Je suis contraint de faire bref bien que tous les exemples ici traités méritent des analyses plus substantielles. Comme c’est notamment le cas pour l’intitulé du Pater noster (Avinou shé ba-shamayim)… auquel l’auteure donne toute sa place. Comment comprendre ce domicile divin au ciel, dans cette prière ? Ne devrait-on pas, au contraire, abolir la distance entre nous et le Créateur ? Pourquoi avoir parlé d’un père céleste ? Il suffit de relire quelques versets du livre de Job pour comprendre qu’il y a là une prime à la foi naïve, à la croyance populaire. Job cherche justement à rétablir cette théodicée qui fait défaut au monde dans lequel nous vivons. Et on ne connait le fin mot de l’histoire : il n’y a pas de réponse, du moins une réponse qui soit satisfaisante et réponde vraiment à la question posée. Ce Dieu qui a créé les cieux et la terre renvoie Job à d’autres interrogations, autrement plus complexes. L’auteure a donc bien raison de questionner le texte et de souligner qu’il n’est pas question ici de toute-puissance.

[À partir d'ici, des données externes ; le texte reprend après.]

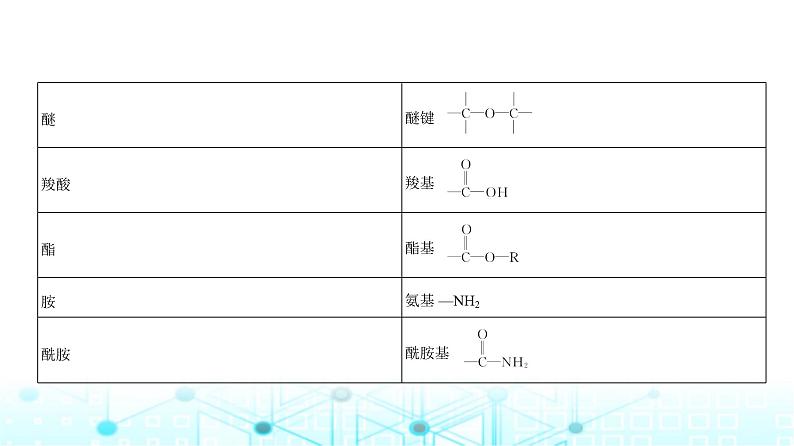 新高考化学复习专题一0四有机物的结构烃和烃的衍生物教学课件第4页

Il est indéniable que la Bible hébraïque nous présente souvent la divinité sous un aspect terrifiant : la fameuse phrase d’Adam qui est apeuré fait penser à une autre phrase, tirée de la littérature prophétique : j’ai oui ton oui et j’ai pris peur (Isaïe 40 ;10)… Le Dieu biblique, version judéo-hébraïque, n’est pas qu’amour. Il existe une dialectique entre l’amour et la crainte de Dieu. Ce n’est pas le lieu ici pour développer, cela nous entrainerait trop loin. Mais Maimonide, précédé et suivi par d’autres épigones ont placé l’amour au-dessus de la crainte, sans exclure entièrement cette dernière
Dans cet ouvrage si stimulant, on découvre l’ingéniosité exégétique d’une gronde psychanalyste qui se livre à une lecture critique des Écritures. Je viens d’un autre univers, celui du commentaire philosophique et aussi, je l’avoue, de la critique biblique. Les deux démarches ne sont pas mutuellement exclusives ; toutes deux témoignent de la volonté de découvrir la vérité sur ces paroles fondatrices et qui remontent à au moins deux millénaires.. On se rend aussi compte que la parole divine dépasse, et de très loin, notre entendement. Cela me fait penser au tsimtsoum de la kabbale lourianique : l’auto contraction de l’essence divine qui laisse ainsi une place primordiale à la création afin que celle-ci puisse s’y déployer.
Une phrase à méditer : Les Écritures peuvent être aussi des lieux dangereux puisque la parole divine mal traduite peut nous manger. (…) Le disciple est nourri d’un pain qui va dévorer son âme, sa vie.